11. Now on to the actual drawing. Select the Rectangle Tool (U). Set the color to white. Start with your basic shapes, and work detail out from there. I started with the mattress. Keep working, switching between the Rectangle Tool, Rounded Rectangle Tool (be sure to keep your radii constant), and the Ellipse Tool. Some helpful keyboard modifiers/tips are:
Holding down Shift while drawing will lock your aspect ratio. If your drawing a rectangle, it will force a square. If your drawing an ellipse, it will force a circle.
Holding down Alt/Option while drawing will let you draw from the center, rather than a corner.
Holding down both Shift + Alt/Option of course does both functionalities at the same time.
In the toolbar for these tools, there are a set of 5 icons to the right of the Radius field. If you select the third one, Subtract from shape area, you can draw new shapes over existing ones that delete the base shape wherever they overlap. This is nice for keeping your shape as a vector, yet being able to access more shapes than just rectangles and ellipses.
12. You should now have your icon looking good. Select all of your new shape layers in the same manner as before and convert them to a smart object. Name this one “bed”.13. It is now time to add the title of the icon, if you wish. You should add a guide to snap to so that all of your icons have their title in identical spots. I set mine horizontally at 125 px.
14. Select the Horizontal Type Tool (T). Pick a readable font, size, white as your color, and type “bedroom”. Click the check box in the toolbar when your finished.

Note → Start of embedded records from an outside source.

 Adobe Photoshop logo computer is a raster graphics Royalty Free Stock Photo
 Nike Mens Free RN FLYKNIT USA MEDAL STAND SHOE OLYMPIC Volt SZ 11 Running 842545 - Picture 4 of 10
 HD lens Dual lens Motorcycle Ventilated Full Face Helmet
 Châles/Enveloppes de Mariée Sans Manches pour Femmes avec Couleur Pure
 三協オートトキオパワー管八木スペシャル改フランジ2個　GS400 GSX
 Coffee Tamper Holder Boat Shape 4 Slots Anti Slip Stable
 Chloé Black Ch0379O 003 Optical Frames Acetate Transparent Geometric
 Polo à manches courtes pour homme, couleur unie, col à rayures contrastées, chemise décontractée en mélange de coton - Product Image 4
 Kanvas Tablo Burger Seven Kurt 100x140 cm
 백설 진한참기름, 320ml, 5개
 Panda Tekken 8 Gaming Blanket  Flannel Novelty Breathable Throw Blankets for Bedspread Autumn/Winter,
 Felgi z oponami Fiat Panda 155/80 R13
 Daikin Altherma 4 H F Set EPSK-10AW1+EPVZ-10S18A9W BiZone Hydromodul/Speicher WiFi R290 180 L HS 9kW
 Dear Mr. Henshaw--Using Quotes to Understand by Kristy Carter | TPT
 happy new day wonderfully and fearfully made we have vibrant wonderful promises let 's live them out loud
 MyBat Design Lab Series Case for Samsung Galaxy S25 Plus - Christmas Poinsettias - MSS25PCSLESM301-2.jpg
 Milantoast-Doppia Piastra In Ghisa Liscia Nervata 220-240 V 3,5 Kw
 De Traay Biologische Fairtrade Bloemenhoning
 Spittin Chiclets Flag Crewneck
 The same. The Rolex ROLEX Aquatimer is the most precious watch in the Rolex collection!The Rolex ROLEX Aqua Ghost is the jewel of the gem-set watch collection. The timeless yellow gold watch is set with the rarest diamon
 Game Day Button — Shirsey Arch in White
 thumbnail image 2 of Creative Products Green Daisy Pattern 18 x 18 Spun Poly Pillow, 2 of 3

15. Select the Move Tool (V) and make sure guide snapping is on. Drag your text so that it snaps to the guide. Center it up as best you can, and then select the “bed” layer and center this one up as well. If you need to resize anything, worry not. Because we’ve created smart objects, instead of simply merging layers, our vector shapes are preserved, and may be resized indefinitely. To resize a layer, enter Free Transform mode (Ctrl/Cmd + T). Once everything is to your liking, it should look like this:16. You’re done! File -> Save As to save it as a PNG (always use PNG for icons. Use JPG for pictures that don’t have many straight lines).